*** Opening SUPPLIED RECORDS ***

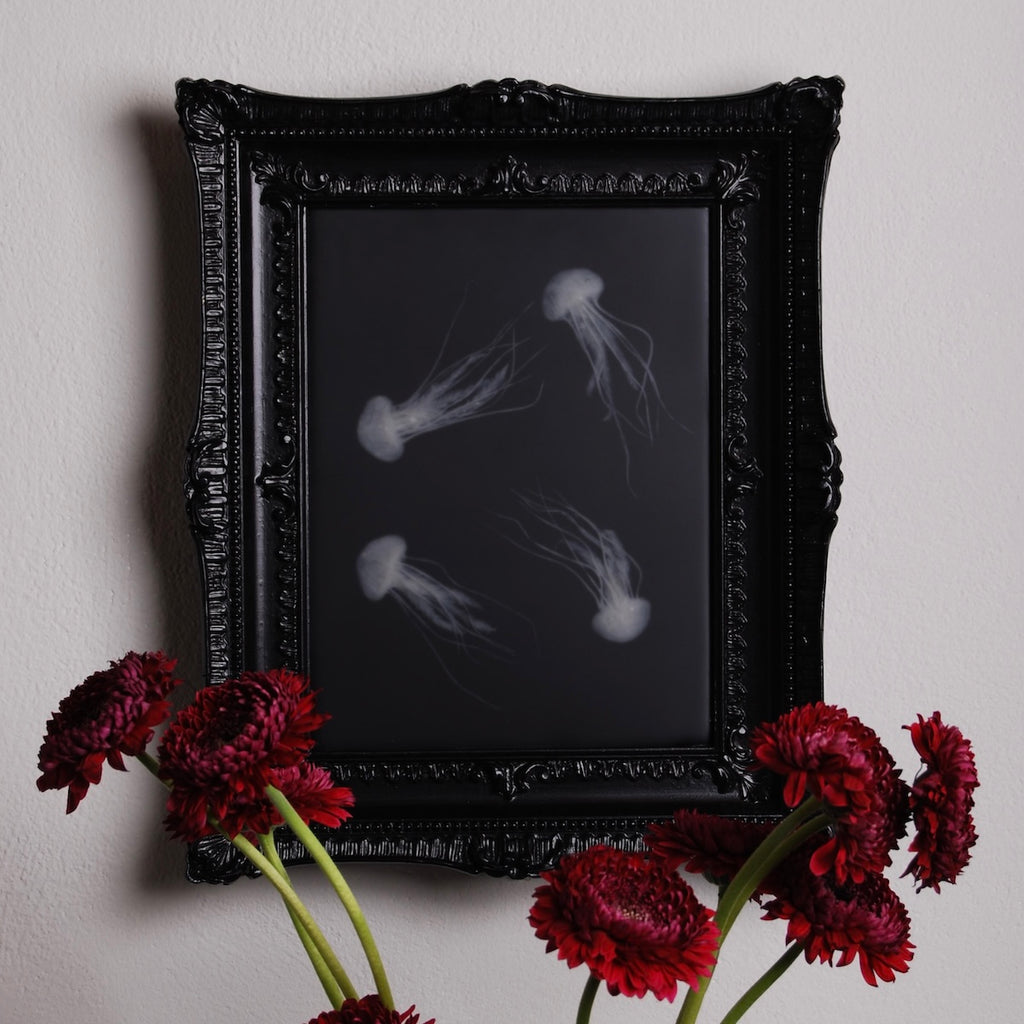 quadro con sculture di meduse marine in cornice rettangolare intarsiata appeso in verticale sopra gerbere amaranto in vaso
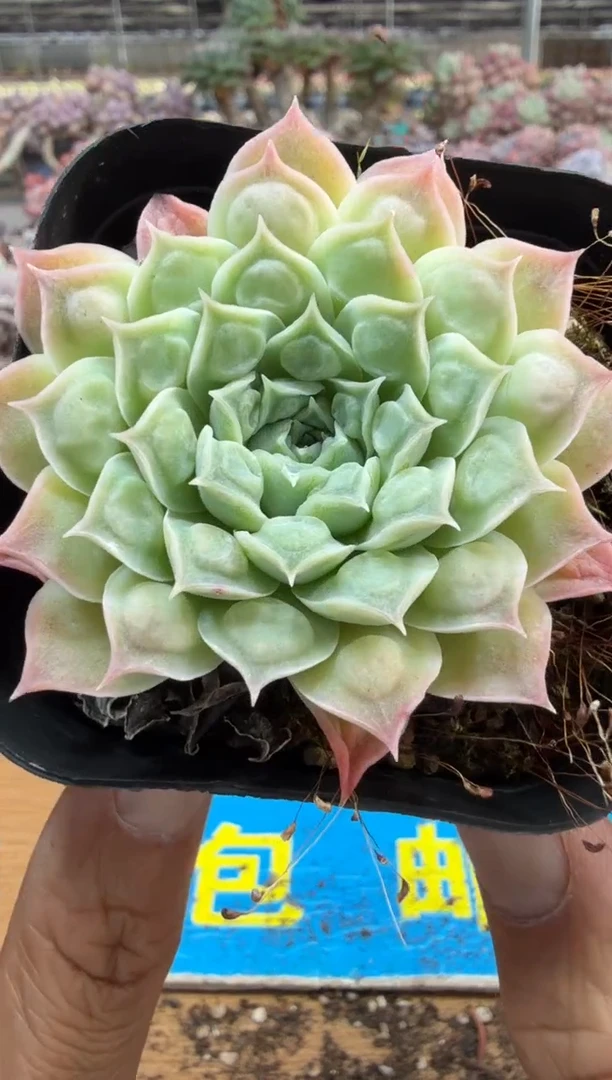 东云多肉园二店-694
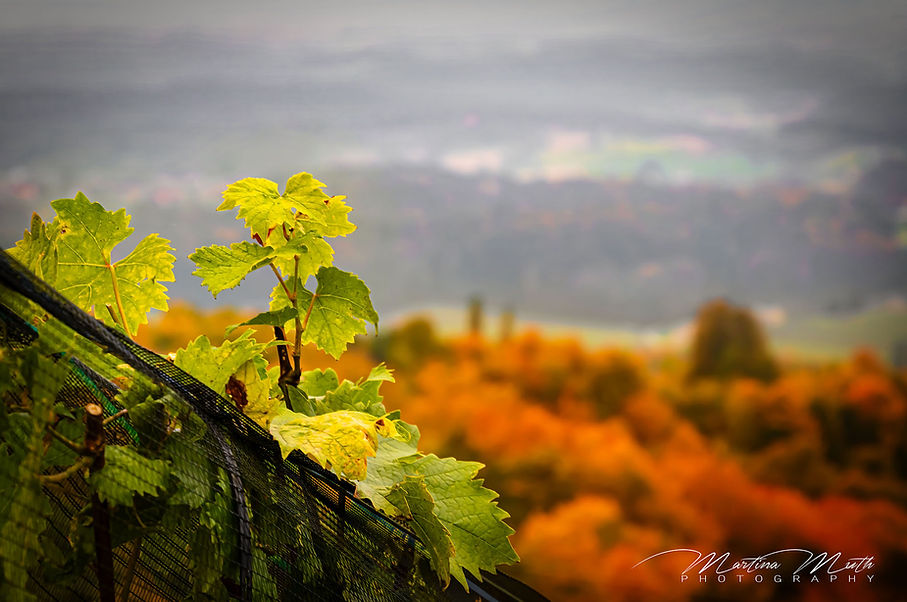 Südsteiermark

*** Closing SUPPLIED RECORDS ***
*** Opening SUPPLIED RECORDS ***

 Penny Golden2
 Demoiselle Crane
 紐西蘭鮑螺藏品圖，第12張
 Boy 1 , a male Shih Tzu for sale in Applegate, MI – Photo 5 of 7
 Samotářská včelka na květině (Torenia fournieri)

*** Closing SUPPLIED RECORDS ***

**ABOUT THIS TASK:**
The reply should hold the entries above from the line with "quadro con sculture" to the line with "Südsteiermark", duplicated exactly, pictures excluded.

**PROBLEM SOLUTION:**
 quadro con sculture di meduse marine in cornice rettangolare intarsiata appeso in verticale sopra gerbere amaranto in vaso
 东云多肉园二店-694
 Südsteiermark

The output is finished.